#### PROMPT
Would you please give the entries again word for word, with no images in your copy?

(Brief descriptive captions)
__________________________________________________

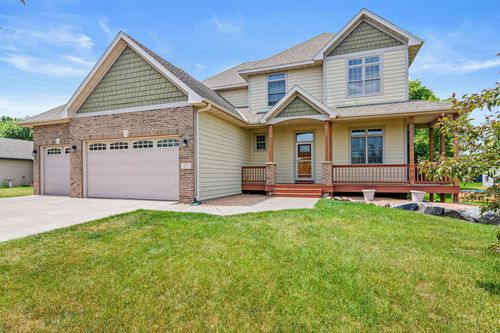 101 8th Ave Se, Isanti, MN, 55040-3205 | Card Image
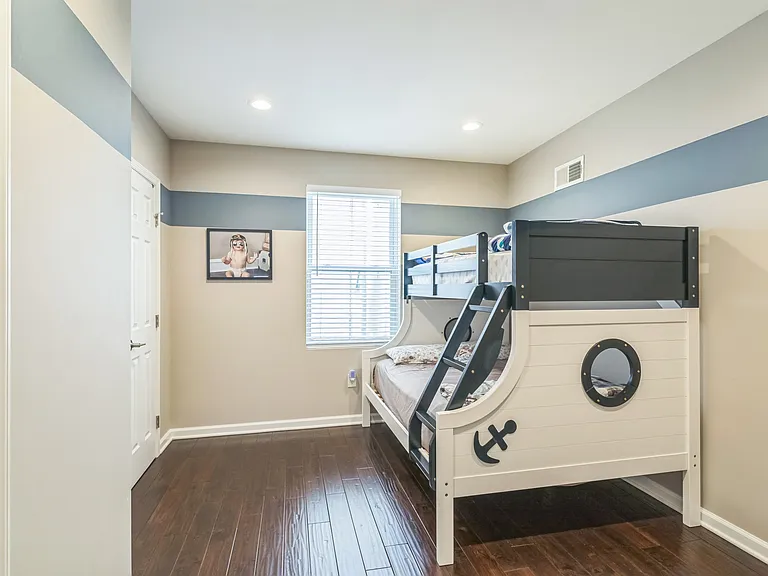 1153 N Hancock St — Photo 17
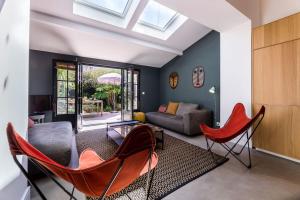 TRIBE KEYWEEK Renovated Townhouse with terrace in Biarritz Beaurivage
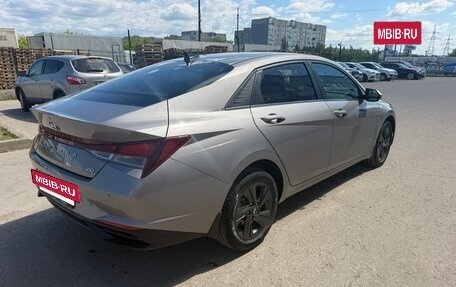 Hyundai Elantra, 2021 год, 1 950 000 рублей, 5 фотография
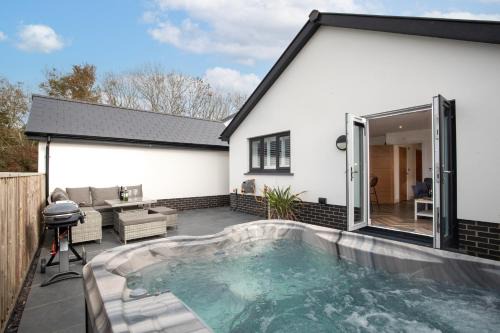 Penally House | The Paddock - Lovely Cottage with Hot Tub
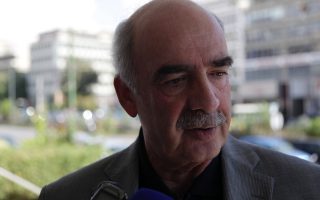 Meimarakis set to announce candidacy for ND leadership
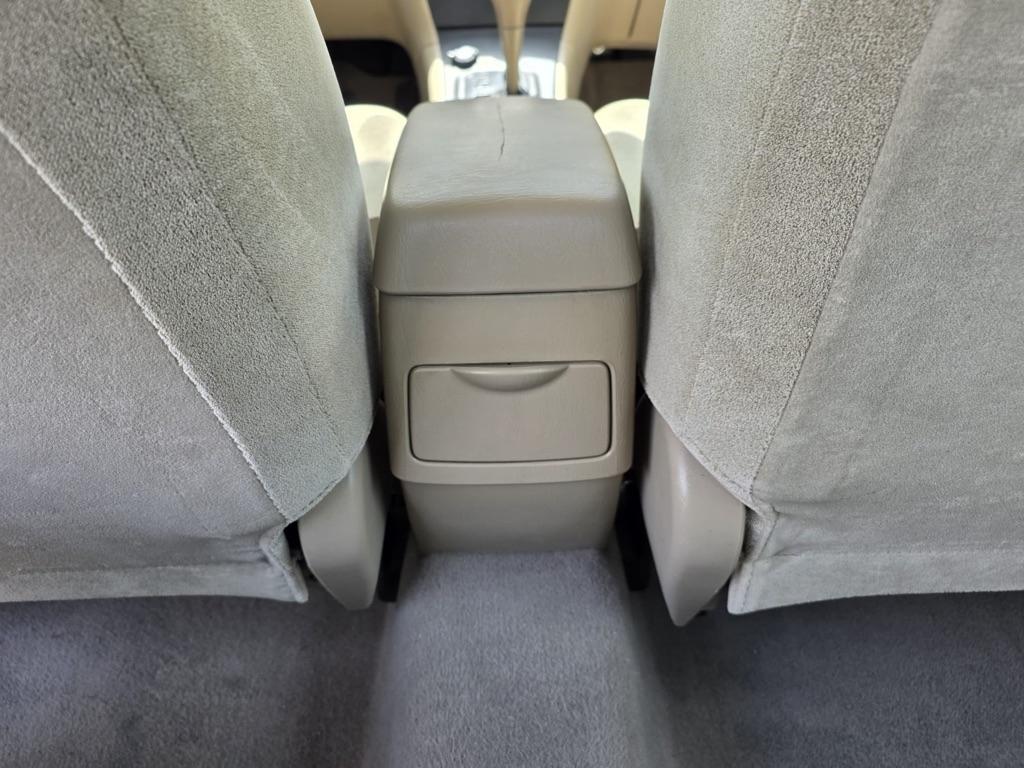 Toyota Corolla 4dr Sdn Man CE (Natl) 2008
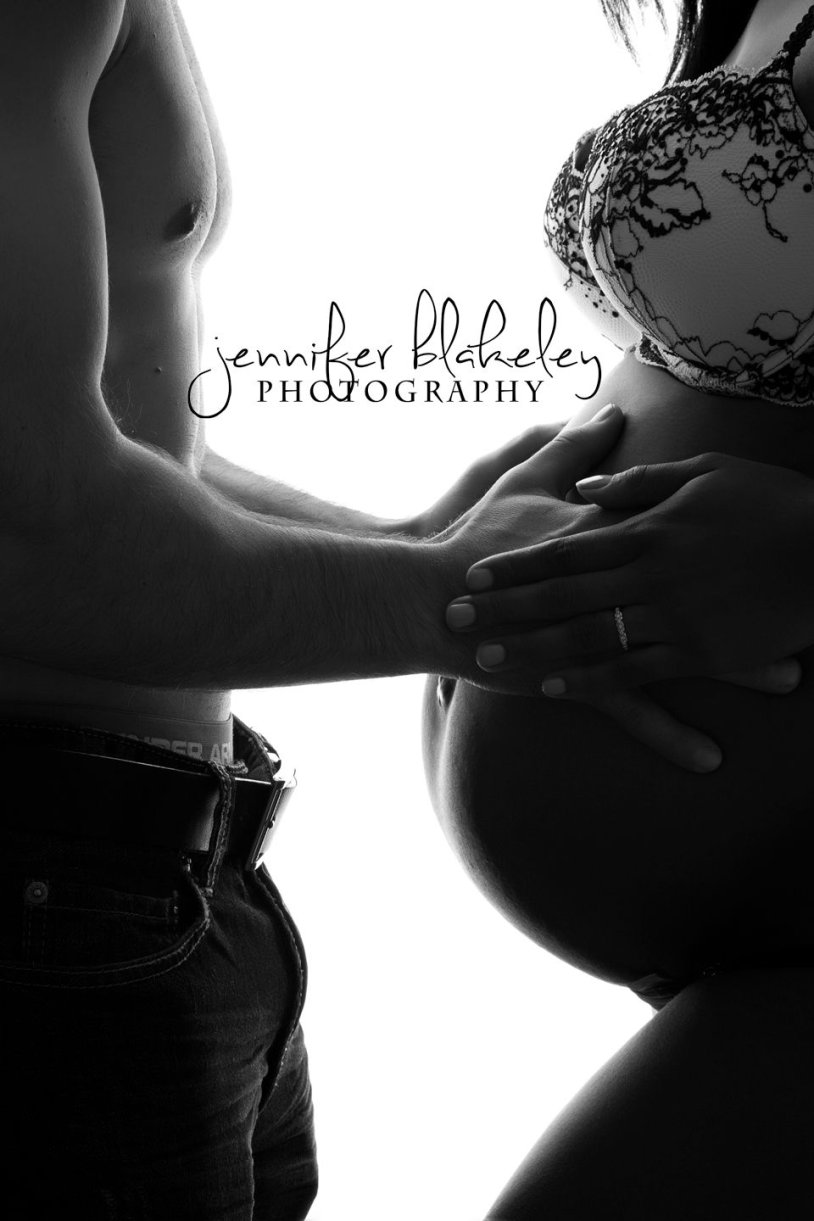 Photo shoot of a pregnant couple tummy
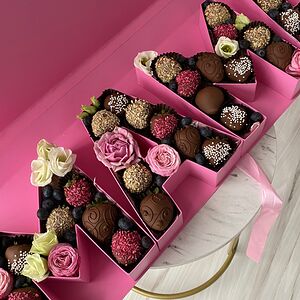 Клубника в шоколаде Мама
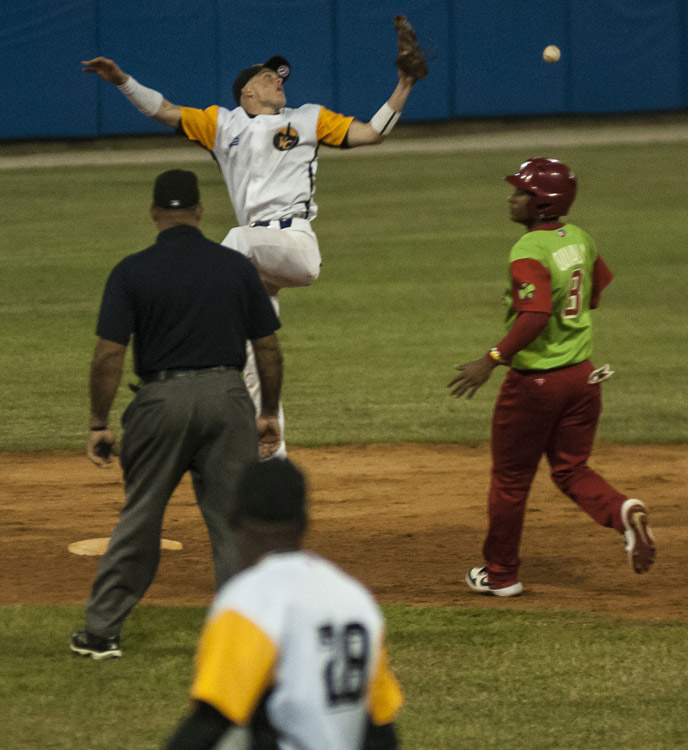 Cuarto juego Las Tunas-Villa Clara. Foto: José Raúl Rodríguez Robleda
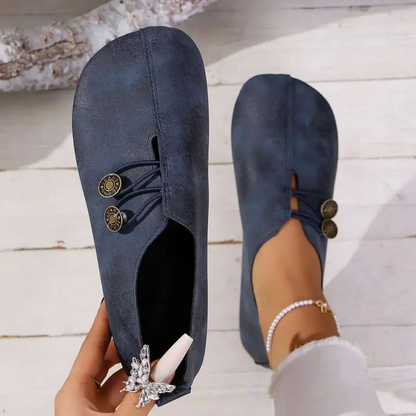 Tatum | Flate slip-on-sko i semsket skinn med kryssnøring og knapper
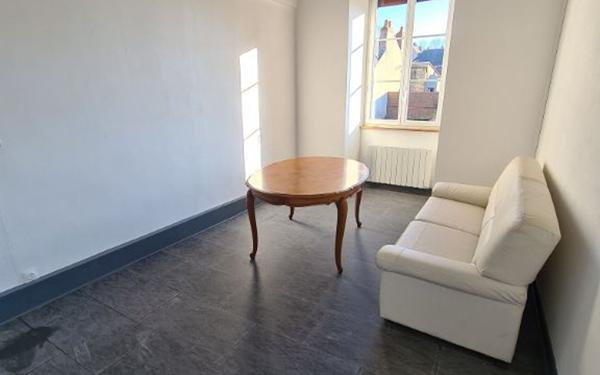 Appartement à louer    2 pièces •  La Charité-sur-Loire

__________________________________________________

#### TASK OUTPUT
 101 8th Ave Se, Isanti, MN, 55040-3205 | Card Image
 1153 N Hancock St — Photo 17
 TRIBE KEYWEEK Renovated Townhouse with terrace in Biarritz Beaurivage
 Hyundai Elantra, 2021 год, 1 950 000 рублей, 5 фотография
 Penally House | The Paddock - Lovely Cottage with Hot Tub
 Meimarakis set to announce candidacy for ND leadership
 Toyota Corolla 4dr Sdn Man CE (Natl) 2008
 Photo shoot of a pregnant couple tummy
 Клубника в шоколаде Мама
 Cuarto juego Las Tunas-Villa Clara. Foto: José Raúl Rodríguez Robleda
 Tatum | Flate slip-on-sko i semsket skinn med kryssnøring og knapper
 Appartement à louer    2 pièces •  La Charité-sur-Loire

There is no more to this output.